LAUR VALLIKIVI
Words and Silences (2024) tells the story of an extraordinary group of independent Nenets reindeer herders in the northwest Russian Arctic. Under socialism, these nomads managed to avoid the Soviet state and its institutions of collectivization by hiding in remote tundra areas. However, soon after the atheist regime collapsed, while some staunchly resisted, many of them abandoned animist blood sacrifices, burned their spirit figures, and became fervent fundamentalist Christians under the influence of Russian evangelical missionaries. Since the mid-1990s, verbose Baptist and Pentecostal pastors have successfully converted dozens of taciturn reindeer herders and turned them into speakers of the new religious language, while stubborn old-timers have chosen to respond with silence in the face of the Russians’ intrusive words.

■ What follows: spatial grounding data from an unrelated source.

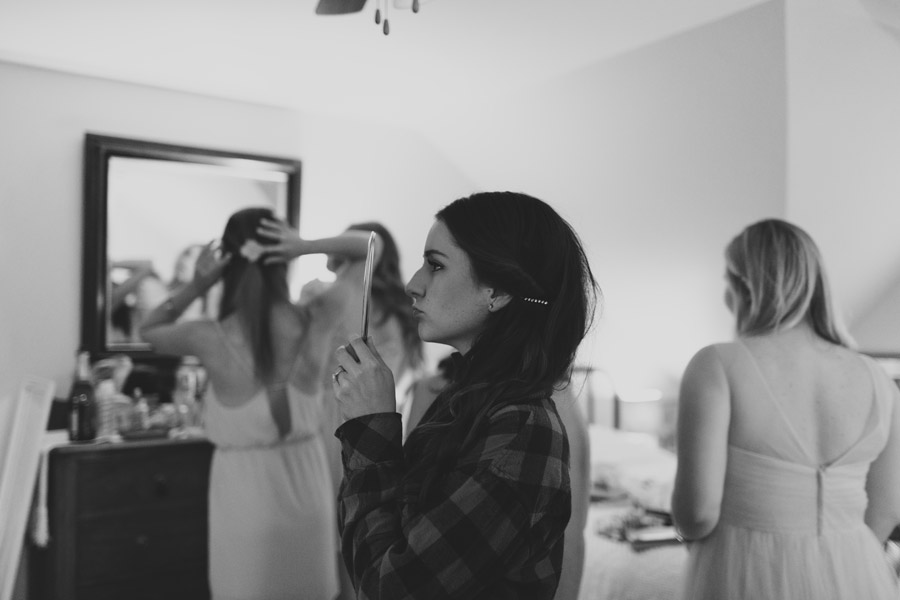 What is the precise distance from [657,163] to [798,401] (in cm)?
195

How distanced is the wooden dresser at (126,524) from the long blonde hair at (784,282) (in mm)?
2250

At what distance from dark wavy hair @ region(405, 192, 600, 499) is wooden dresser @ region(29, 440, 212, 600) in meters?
2.26

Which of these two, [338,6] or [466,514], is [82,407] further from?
[466,514]

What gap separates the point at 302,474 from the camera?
211 cm

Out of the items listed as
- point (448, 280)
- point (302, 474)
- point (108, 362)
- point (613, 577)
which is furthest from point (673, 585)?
point (108, 362)

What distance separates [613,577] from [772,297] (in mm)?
905

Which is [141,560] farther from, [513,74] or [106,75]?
[513,74]

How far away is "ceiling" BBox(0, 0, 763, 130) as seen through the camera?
2.49 meters

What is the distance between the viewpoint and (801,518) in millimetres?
1545

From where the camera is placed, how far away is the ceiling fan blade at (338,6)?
1.88 meters

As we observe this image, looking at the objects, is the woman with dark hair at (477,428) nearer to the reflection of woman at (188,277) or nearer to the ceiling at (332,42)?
the ceiling at (332,42)

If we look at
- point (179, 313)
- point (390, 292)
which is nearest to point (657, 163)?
point (390, 292)

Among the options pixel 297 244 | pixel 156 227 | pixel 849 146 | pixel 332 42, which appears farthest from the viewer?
pixel 156 227

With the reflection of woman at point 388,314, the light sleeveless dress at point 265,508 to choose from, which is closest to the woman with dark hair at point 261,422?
the light sleeveless dress at point 265,508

Drawing on ethnographic fieldwork over almost twenty years, Laur Vallikivi explores how speech, and the avoidance of it, become both a catalyst and an obstacle for forming a new personhood, sociality, and cosmology. Moving beyond studies of modernization and globalization that have all-too-predictable outcomes for Indigenous peoples, this intimate anthropological account invites us to view not only religious devotees but also words and silences themselves as agents producing profound ethical consequences for nomads’ lives. The book lays bare the moral complexity of the mission encounter in which Christianity, with its explicit and rigid set of rules, meets the lingering tacit–and often fluid–ontological sensibilities of a community which was shamanistic within living memory.